→ **STORED DATA**

Content starts

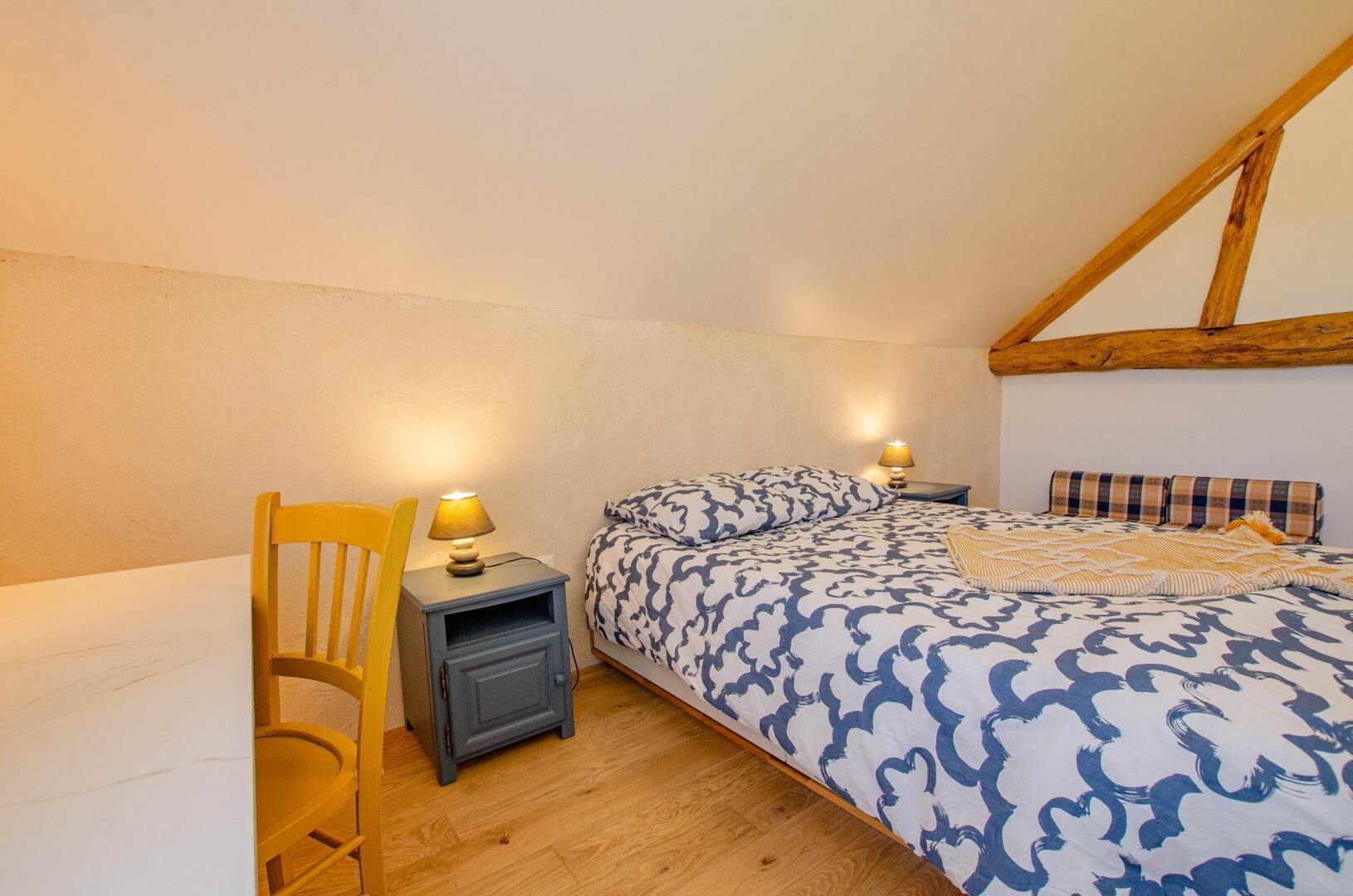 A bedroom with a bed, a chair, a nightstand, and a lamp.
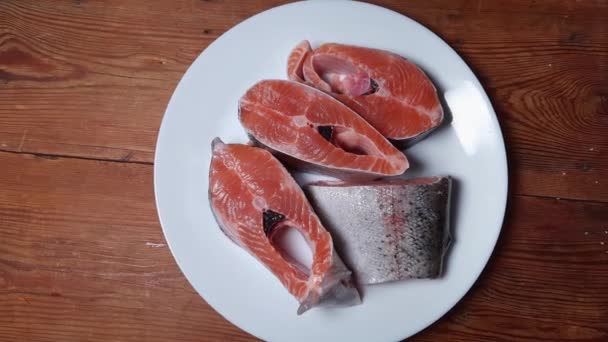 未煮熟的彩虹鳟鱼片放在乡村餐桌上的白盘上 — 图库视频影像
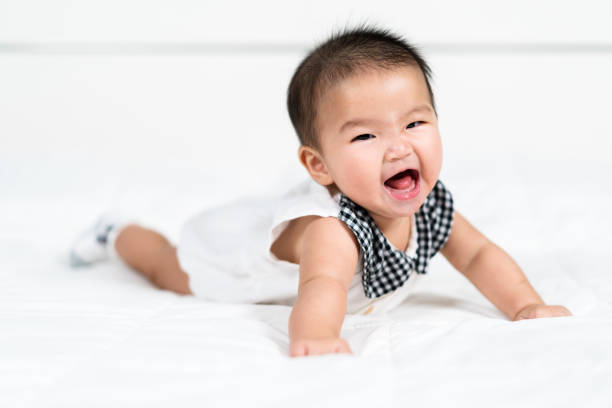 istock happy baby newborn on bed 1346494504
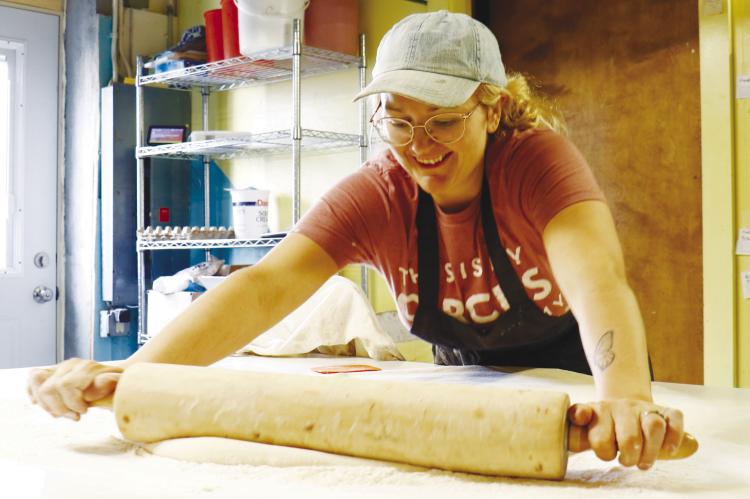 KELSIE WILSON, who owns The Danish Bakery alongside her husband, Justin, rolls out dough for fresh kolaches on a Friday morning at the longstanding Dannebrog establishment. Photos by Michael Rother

Content ends

→ **TASK TO CARRY OUT**
Without changing a word, transcribe all of the data and omit its images.

→ **RESULT**
 A bedroom with a bed, a chair, a nightstand, and a lamp.
 未煮熟的彩虹鳟鱼片放在乡村餐桌上的白盘上 — 图库视频影像
 istock happy baby newborn on bed 1346494504
 KELSIE WILSON, who owns The Danish Bakery alongside her husband, Justin, rolls out dough for fresh kolaches on a Friday morning at the longstanding Dannebrog establishment. Photos by Michael Rother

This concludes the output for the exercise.